Mais « rien n’est gratuit ». Passer d’une page à l’autre du cahier, ou d’un bloc à l’autre de la chaîne, demande de l’énergie : « le modèle a imaginé un système de récompense pour ce travail, le minage, afin de compenser la valeur perdue, par exemple l’énergie utilisée, un jeton ». Et c’est cela « qui permet de créer ce que l’on appelle des cryptomonnaies […] il n’y a pas de blockchain sans cryptomonnaie ».

Cette valeur peut prendre d’autres formes, explique Fabien Aufrechter, d’autres types de jetons, à commencer par des jetons « d’usage, pour utiliser un service », transformables en valeur financière, « une valeur positive, soit une action financière digitalisée, ou négative, une dette digitalisée ». À cela s’ajoutent les jetons fongibles et non fongibles, les derniers renvoyant aux NFT.

Et des idées reçues

Fabien Aufrechter ne manque pas de citer le créateur d’Etherum, Vitalik Buterin : « 90 % des ICO [émissions initiales de jetons, N.D.L.R.] sont des arnaques ». Pour le directeur Havas Sovereign Technologies, c’est presque une évidence, parce que lancer une nouvelle blockchain, « c’est très simple ». Du coup, n’importe qui peut y prétendre. De quoi justifier une régulation forte.

Fabien Aufrechter veut en outre tordre le cou à « des idées reçues », à commencer par « la blockchain, ça finance le terrorisme ». Pour lui, la transparence et la traçabilité constituent des filets suffisants pour décourager les activités criminelles. Sur le papier, cela peut paraître juste, et effectivement, la traçabilité du Bitcoin est clairement mise à profit par les forces de l’ordre pour débusquer des activités criminelles. Mais la réalité est nuancée.

Seconde idée reçue, « les cryptoactifs sont une bulle spéculative ». À cela aussi, Fabien Aufrechter a réponse, relevant que des bulles spéculatives peuvent apparaître pour n’importe quel actif, sans que le marché correspondant soit intrinsèquement spéculatif.

Enfin, toute chaîne de blocs est-elle nécessairement polluante, du fait de sa nature massivement distribuée ? « On pense à bitcoin, forcément » et là, « c’est vrai ». Mais c’est loin d’être la seule blockchain et d’autres modèles sont plus sobres.

Des applications et des bénéfices

Mais Fabien Aufrechter voit bien plus que du simple buzz dans ces technologies décentralisées. Pour lui, concrètement, « le mot Blockchain fait vendre. Lorsque l’on associe ce mot à un produit, il se vend mieux ». Et prendre l’exemple désormais bien connu de Carrefour, qui a adopté la blockchain pour rendre la traçabilité de certains de ses produits plus transparente : et justement, « le produit blockchain se vend mieux, parce qu’il est plus rassurant ». Même si l’effet « buzzword » joue également.
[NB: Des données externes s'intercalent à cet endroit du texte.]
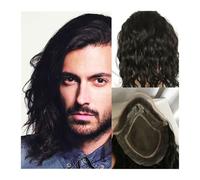 Perücke Herren - Peluca de cabello humano virgen europeo de 30,5 cm de longitud para hombre, encaje mono con poliuretano alrededor de las pelucas de hombre, tamaño 20,3 x 25,4 cm, color marrón oscuro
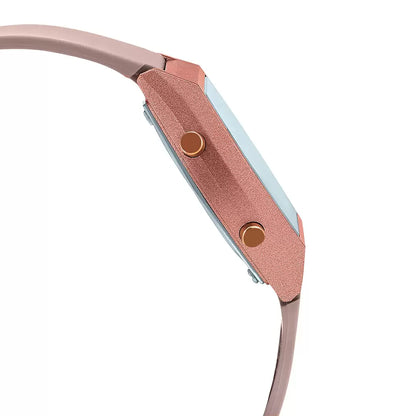 Casio Digital Rose Gold & Rubber Women's Watch D213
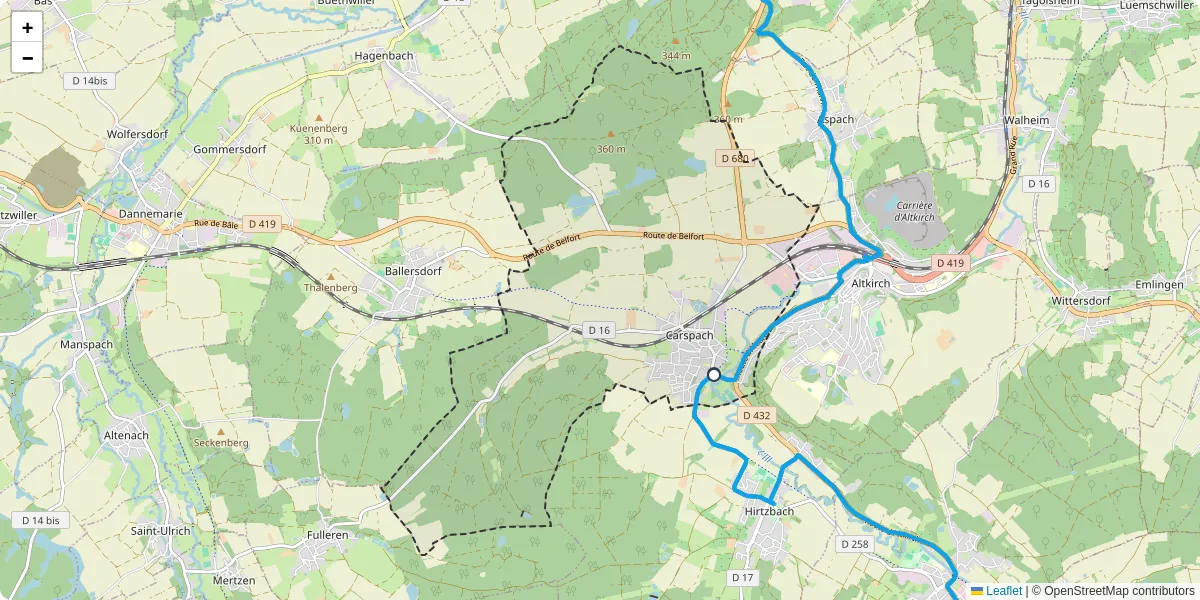 Carte du réseau de transport en commun à Carspach - lignes de bus et arrêts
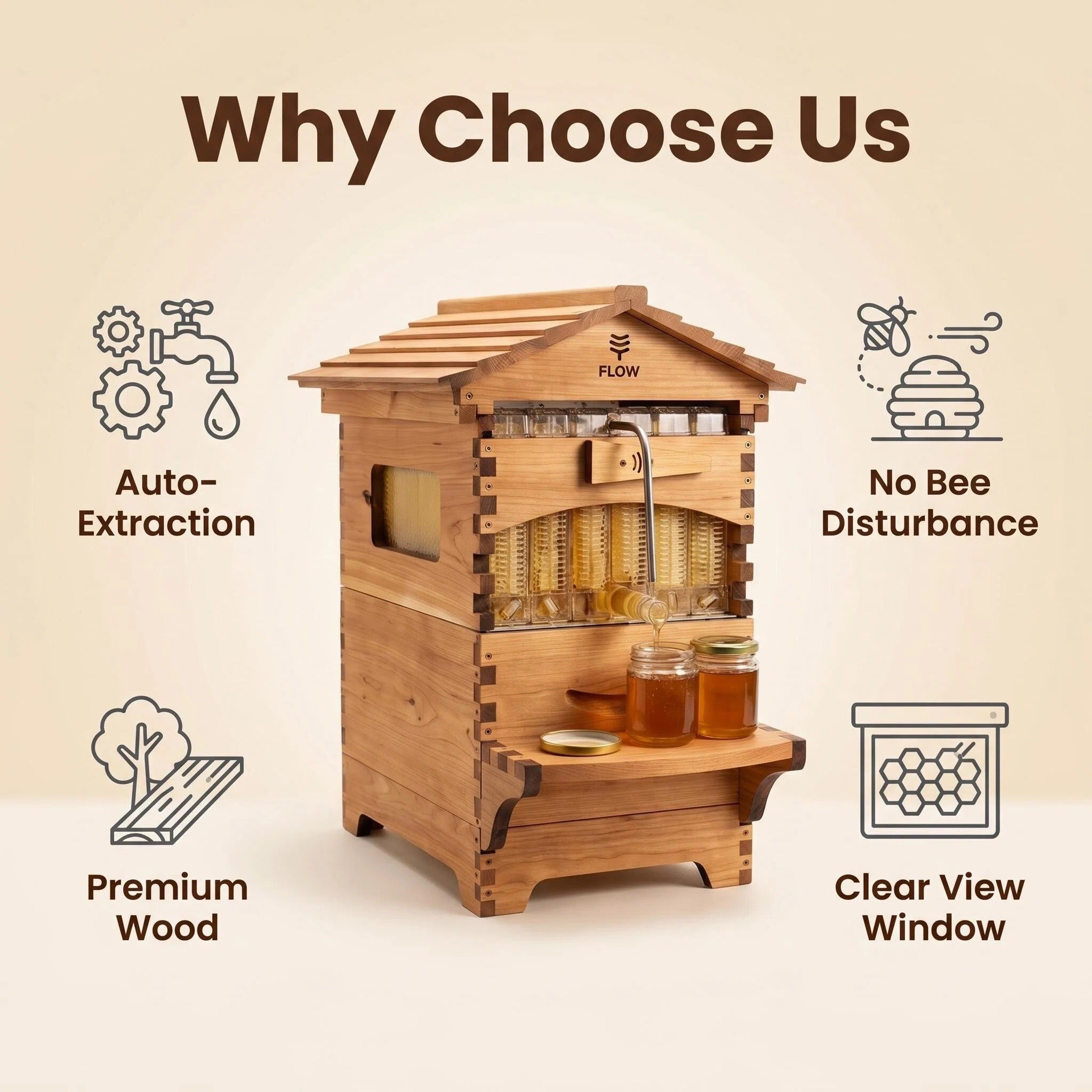 Beehive with Auto-Flow Technology, Effortless Honey Harvesting Beekeeping Kit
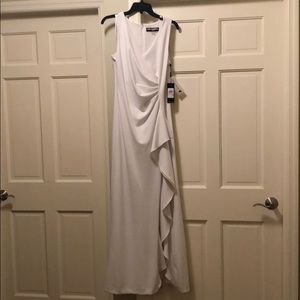 Karl Lagerfeld White Sleeveless Side Ruched Gown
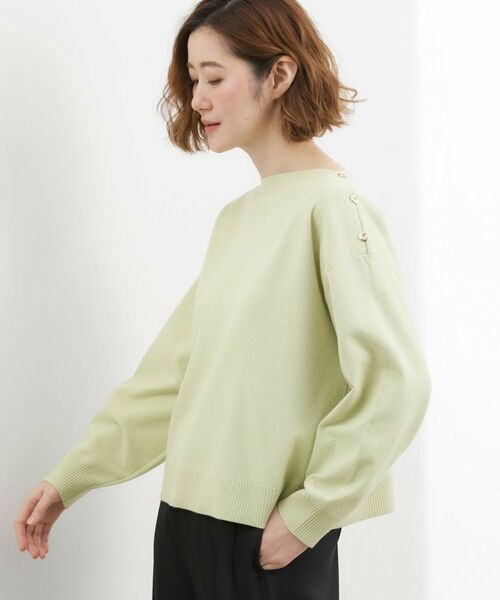 grove / グローブ ニット・セーター | 【おうちで洗える】顔周りすっきり、ボートネックニット(ミントグリーン(021))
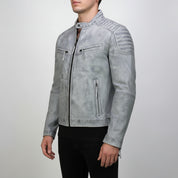 Men's Light Grey Antique Wash Leather Biker Jacket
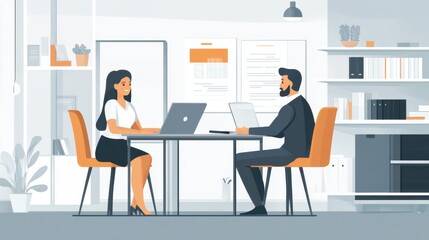 Smiling business colleagues meeting at office desk with laptops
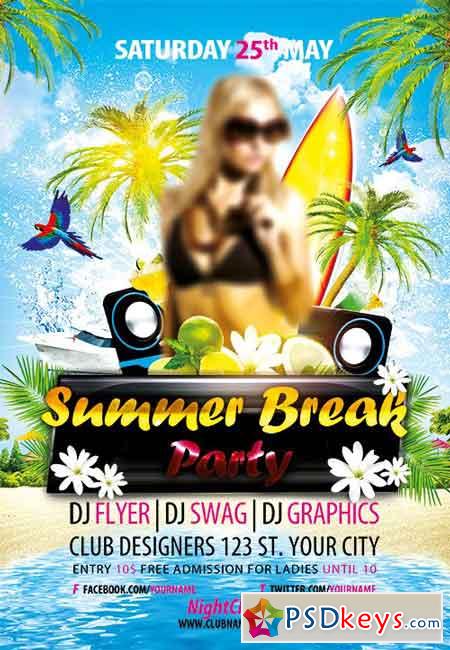 Summer Break Party Flyer PSD Template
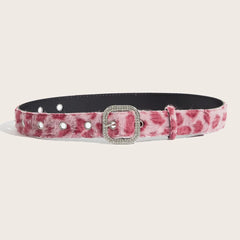 Leopard Soft Fabric Faux Fur Wide Belt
« La guerre des portefeuilles numériques sera la prochaine guerre en matière de souveraineté. C’est là qu’il faut regarder. »
Fabien AufrechterDirecteur Sovereign Technologies, Havas

Autre usage avancé par le directeur Havas Sovereign Technologies, sécuriser des données sensibles, contre une destruction éventuelle, à l’instar de diplômes ou de données cadastrales.

L’étape suivante, ce sont les NFT, les jetons non fongibles, qui rattachent un objet, physique ou virtuel, à une identité numérique : « certains artistes les utilisent pour vendre des œuvres digitales uniques », mais ce n’est pas tout. « Les NFT permettent aux Palaos de produire des passeports numériques uniques inviolables ». Les NFT permettent également de produire des doubles numériques – « qui n’est ni plus ni moins qu’un certificat d’appartenance », d’objets d’art par exemple. « Et en plus, on peut lier énormément de contenu à ces certificats ».
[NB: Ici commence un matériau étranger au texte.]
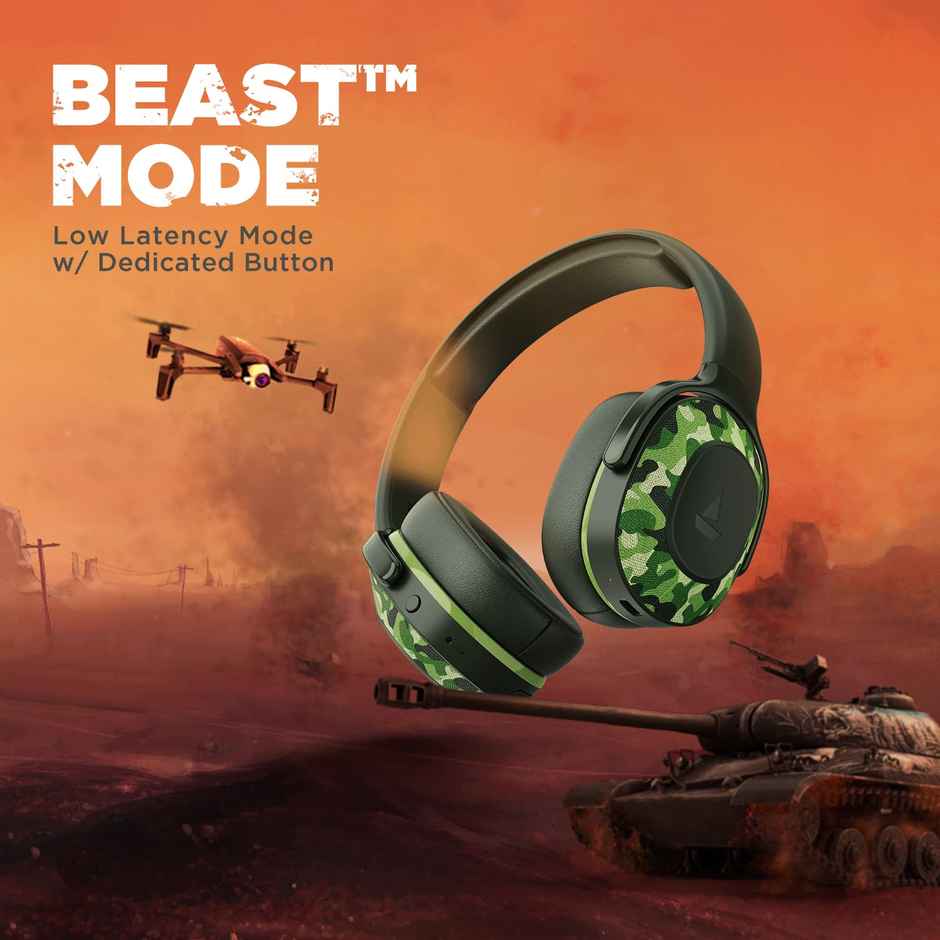 boAt Rockerz 425 Bluetooth Wireless On Ear Headphones Signature Sound, ENx Tech(Army Green)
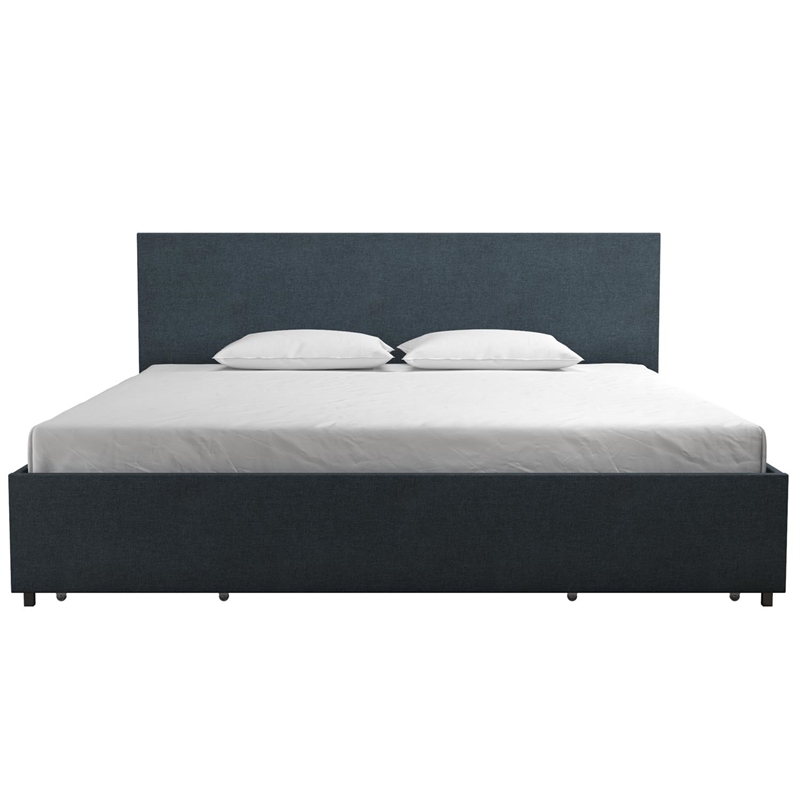 Novogratz Kelly King Upholstered Bed with Storage in Navy Linen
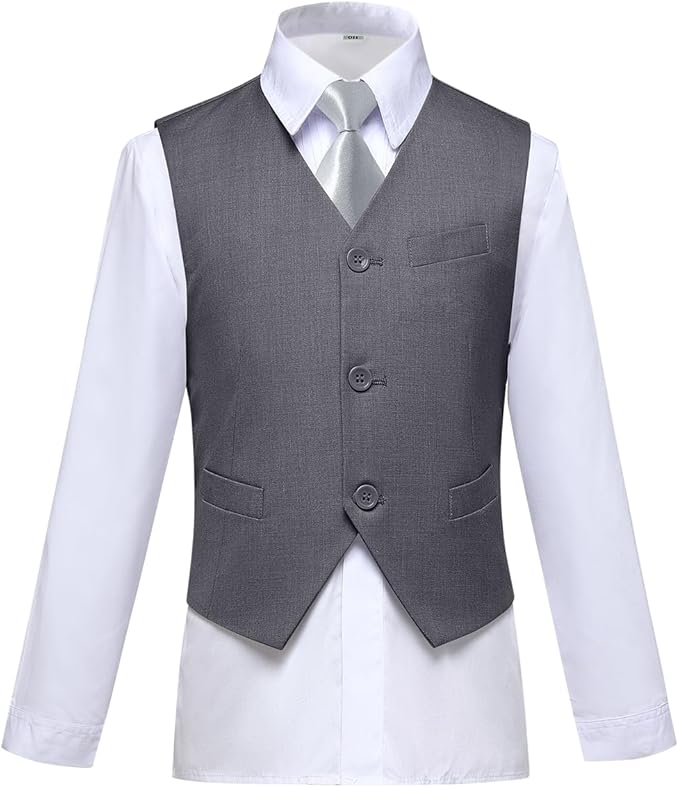 Visaccy Boys Suits Slim Fit Dress Clothes Ring Bearer Outfit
Mais pour Fabien Aufrechter, les entreprises doivent dès aujourd’hui regarder par-delà tout cela et se concentrer sur les portefeuilles de cryptoactifs : « ce sont eux qui captent la valeur », quelle que soit la cryptomonnaie. Et d’estimer que, « la guerre des portefeuilles numériques sera la prochaine guerre en matière de souveraineté. C’est là qu’il faut regarder ». Et cela d’autant plus que ces portefeuilles seront la clé du métavers : c’est là que tous objets et actifs numériques prendront leur pleine valeur.